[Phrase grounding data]
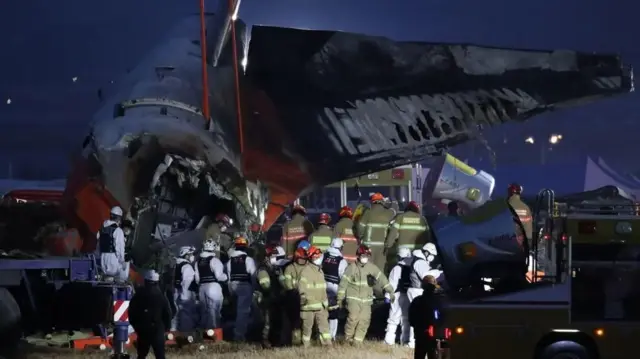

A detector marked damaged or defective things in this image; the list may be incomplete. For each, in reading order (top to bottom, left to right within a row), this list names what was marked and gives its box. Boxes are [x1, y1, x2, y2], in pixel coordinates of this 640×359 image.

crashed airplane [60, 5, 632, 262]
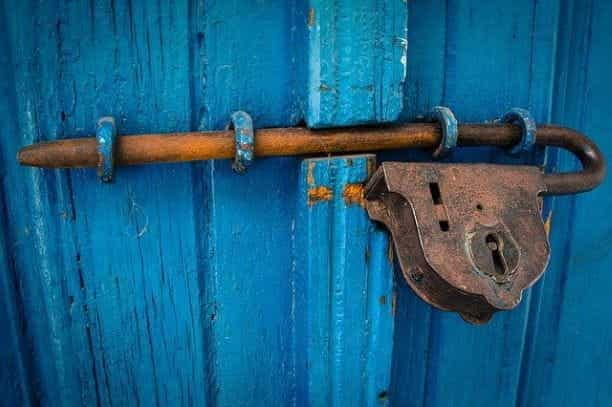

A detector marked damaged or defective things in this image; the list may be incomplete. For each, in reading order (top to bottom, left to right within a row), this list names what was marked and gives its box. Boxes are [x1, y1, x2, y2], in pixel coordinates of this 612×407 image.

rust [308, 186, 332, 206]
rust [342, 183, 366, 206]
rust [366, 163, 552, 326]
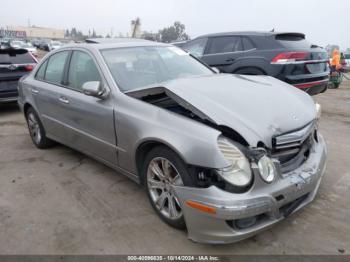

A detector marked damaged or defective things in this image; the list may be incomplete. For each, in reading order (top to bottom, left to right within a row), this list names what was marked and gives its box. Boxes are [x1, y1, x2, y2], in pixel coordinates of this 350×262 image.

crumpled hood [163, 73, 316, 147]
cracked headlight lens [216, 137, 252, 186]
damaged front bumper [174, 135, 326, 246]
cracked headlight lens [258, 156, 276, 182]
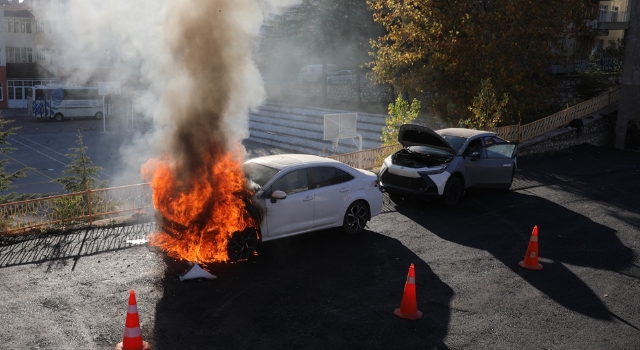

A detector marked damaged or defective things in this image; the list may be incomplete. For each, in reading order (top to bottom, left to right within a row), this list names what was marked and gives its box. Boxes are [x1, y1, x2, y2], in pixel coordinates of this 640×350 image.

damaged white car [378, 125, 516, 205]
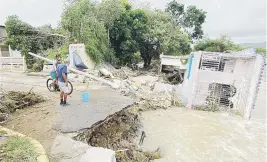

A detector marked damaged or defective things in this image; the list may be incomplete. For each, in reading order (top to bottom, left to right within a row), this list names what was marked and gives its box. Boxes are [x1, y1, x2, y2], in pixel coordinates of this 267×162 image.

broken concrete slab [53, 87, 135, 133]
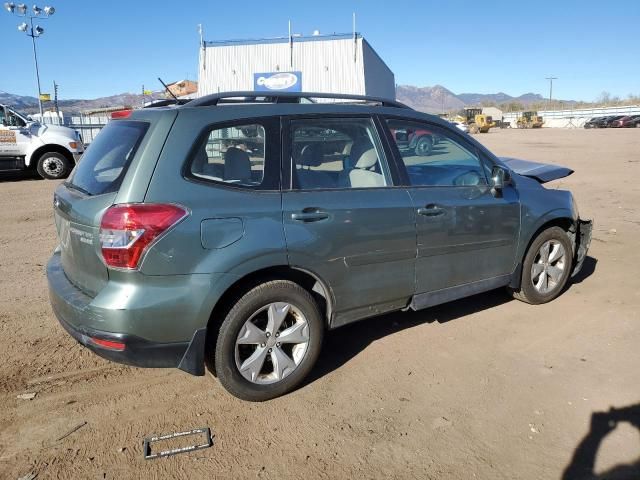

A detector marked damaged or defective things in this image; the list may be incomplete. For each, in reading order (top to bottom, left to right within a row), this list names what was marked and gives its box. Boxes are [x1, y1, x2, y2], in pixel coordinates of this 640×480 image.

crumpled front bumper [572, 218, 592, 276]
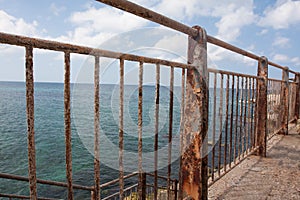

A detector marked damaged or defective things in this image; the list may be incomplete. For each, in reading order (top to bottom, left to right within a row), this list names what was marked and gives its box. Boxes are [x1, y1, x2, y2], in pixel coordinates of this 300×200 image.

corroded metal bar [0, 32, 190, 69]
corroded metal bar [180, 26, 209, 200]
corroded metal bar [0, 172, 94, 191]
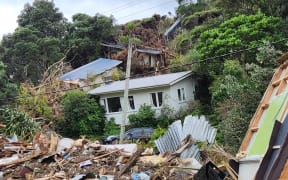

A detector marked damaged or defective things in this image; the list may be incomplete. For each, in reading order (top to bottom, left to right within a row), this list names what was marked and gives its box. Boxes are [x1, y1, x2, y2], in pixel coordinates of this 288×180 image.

▶ **WHAT IS REQUIRED**: Do not include pictures. Copy only the lines running from the line with "this 350×262 image." through the last line of the records, exactly as they appear.

▶ **RESPONSE TO THIS EXERCISE**:
A detector marked damaged or defective things in this image; the list may be incomplete. For each, in reading order (top to bottom, left to right within a row), this list names what was marked and gives its box. Boxes are [x1, y1, x2, y2], in pixel coordinates of this 350×262 image.

crumpled hood [163, 73, 316, 147]
cracked headlight lens [216, 137, 252, 186]
damaged front bumper [174, 135, 326, 246]
cracked headlight lens [258, 156, 276, 182]

A detector marked damaged or defective things in this image; the list may be incomplete. For each, in reading order (top to bottom, left to right within a row), this list names what was marked and gives its box. Boxes are [x1, y1, x2, y2], in pixel coordinates of this 640×350 image.

damaged white car [378, 125, 516, 205]

A detector marked damaged or defective things in this image; the list may be incomplete. For each, in reading order (top to bottom, left to right within a row), this list names what was marked and gives its box. Boxes are [x1, y1, x2, y2], in pixel coordinates of this 267×162 image.

broken concrete slab [53, 87, 135, 133]

A detector marked damaged or defective things in this image; the list may be incomplete. For each, in reading order (top to bottom, left to right within a row), this list names what was marked and gives its box. Boxes are [x1, y1, x2, y2], in pixel coordinates of this 640×480 image.

crumpled front bumper [572, 218, 592, 276]

A detector marked damaged or defective things in this image; the list may be incomplete. For each, in reading order (top to bottom, left to right within a row), this list names what was marked and gives its box. Boxes are [x1, y1, x2, y2], in pixel coordinates of this 300×200 image.

corroded metal bar [0, 32, 190, 69]
corroded metal bar [180, 26, 209, 200]
corroded metal bar [0, 172, 94, 191]

A detector marked damaged or defective things in this image; the list may be incomplete. For each, in reading order (top to bottom, left to right within a row), this list names what was marked and gives its box. Boxes are [x1, y1, x2, y2], in pixel coordinates of this 288×180 image.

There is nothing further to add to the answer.